9/25/2023, 11:22:57 AM
朝になったら開けましょう
夜になったら閉じましょう
嵐の前にも閉じましょう
雨の後には拭きましょう
光の眩しいときにはレースをひいて
光の恋しいときこそ隅々まで磨いて
曇り一つない窓から見える景色は
どんなに晴れやかなことでしょう
/お題「窓から見える景色」より
9/24/2023, 10:57:27 AM
感覚、感情、思考、記憶――形の無いものは自分のためにあると思っている。

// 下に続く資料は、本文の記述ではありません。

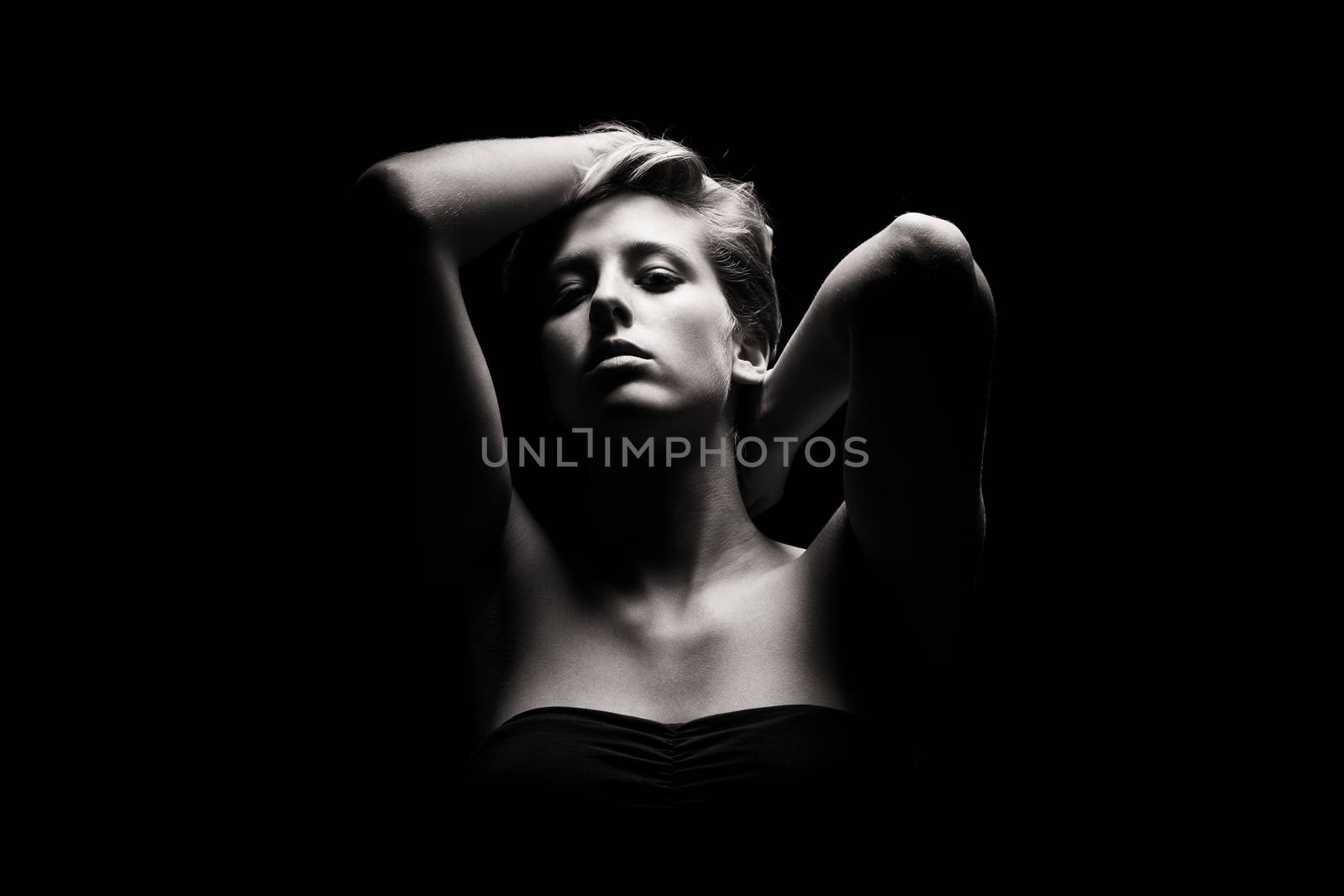 gorgeous woman in tense light in black and white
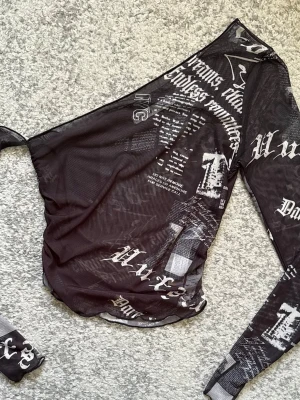 Svart mesh topp med tryck och lång ärm - Säljer en svart mesh topp med vita tryck i olika typsnitt och mönster. Toppen har lång ärm och är gjord i ett tunt, transparent material. Perfekt för att skapa en edgy och trendig look.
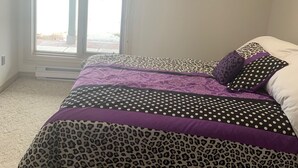 A bedroom with a large bed, a window with blinds, and a view of a snowy landscape. - One Bedroom Basement apartment on Red River bank (Selkirk)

病気や怪我で取り出せなくなることはあっても、それらは変わらず自分の中にある。形が無いからこそ、誰にも侵されることはない。
一方で、自分以外の誰かに干渉するものは、形の有るものでなければならない。自分の中にある形の無いものを、言葉なり、物なり、行動なり、目に見えるものに置き換える必要がある。非常に難儀で厄介な作業であり、形ばかりの、と揶揄されることもあるだろう。それでも、形の無いものの恩恵を受ける者としての、一種の義務であると私は思う。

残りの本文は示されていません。